Contudo, é impossível caminhar para a consolidação orçamental com o foco centrado apenas na redução da despesa e no agravamento da carga fiscal. É necessário impulsionar o crescimento económico, sob pena de os cortes na despesa nunca serem suficientes para as metas fixadas. Além do mais, o Governo e a troika não podem esquecer o quadro económico e social que a Europa e Portugal vivem neste momento.
Nas últimas semanas ficámos a saber que a quebra do Produto Interno Bruto em 2012 foi de 3,2 %, superior portanto às previsões do executivo, e que a taxa de desemprego no final do ano transacto atingiu os 16,9%, abrangendo cerca de 923.000 portugueses. Estes números são preocupantes e acabam por ser também um reflexo da recessão que atinge a Europa, para onde se dirige mais de 70% das exportações nacionais.
Se contarmos com os activos que estão fora destas estatísticas, por já terem desistido de procurar emprego ou por não estarem disponíveis, Portugal terá cerca de 1,2 milhões de pessoas sem emprego, dos quais pouco mais de 400.000 recebem subsídio de desemprego. Com os cortes entretanto introduzidos nas prestações sociais, que já deixaram um número elevado de pessoas sem quaisquer rendimentos, está formado um quadro verdadeiramente explosivo em Portugal, que recomenda todas as prudências ao Governo no momento de desenhar a “refundação” do Estado.
Infelizmente, nos planos que têm vindo a público, não se vêem medidas estruturantes que vão para além de um ataque cerrado às funções sociais do Estado, na educação, na saúde e na segurança social.
Prestes a iniciar-se uma nova ronda de negociações com os emissários da troika, exige-se por isso que o Governo seja capaz de se bater para que o nosso país não seja condenado à miséria e à exaustão, a curto prazo. No mínimo, deve pugnar por um faseamento na implementação das medidas ao longo dos próximos anos, permitindo assim recuperar o envolvimento dos partidos da oposição e dos parceiros sociais disponíveis para o efeito.
A revelação de que será Paulo Portas o responsável pela coordenação do documento sobre a reforma do Estado parece uma tentativa de Passos Coelho para dar um cariz mais político e menos economicista a essas propostas. Mas também houve quem não visse nessa decisão mais do que a vontade de comprometer o CDS com os planos anunciados.
O que deve fazer o PS perante uma proposta séria de diálogo e concertação? Deve ir a jogo e defender a sua visão para a reforma do Estado. Não pode dar a imagem de que se furta ao debate por que não tem ideias sustentadas sobre uma reforma que é imprescindível para o nosso futuro colectivo.
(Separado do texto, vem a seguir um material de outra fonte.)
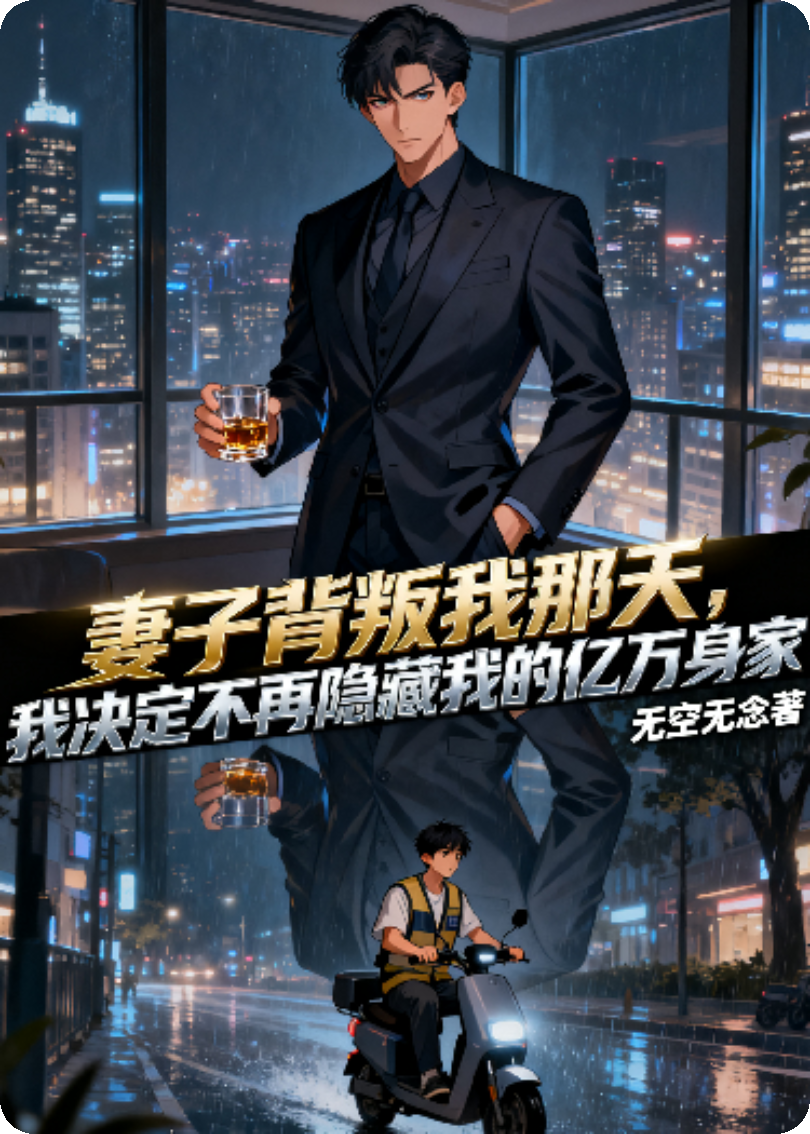 妻子背叛我那天，我决定不再隐藏我的亿万身家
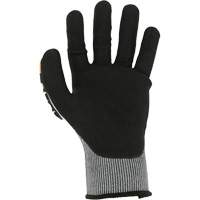 Gants antichocs r&eacute;sistants aux coupures SpeedKnit M-Pact, Taille 7/Petit, Calibre 18, Rev&ecirc;tement Nitrile, Enveloppe en PEHP/Tungst&egrave;ne, ASTM ANSI niveau A5/EN 388 niveau E Brunswick Fyr & Safety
Portugal tem um desafio pela frente que, por vezes, parece maior do que a capacidade daqueles que nos governam. Mas é nos momentos difíceis que se vê a massa de que são feitos os líderes. A quem está na oposição cabe demonstrar que não é movido pela política do quanto pior melhor e que tem uma perspectiva diferente quanto ao futuro do país. Os portugueses estarão atentos.”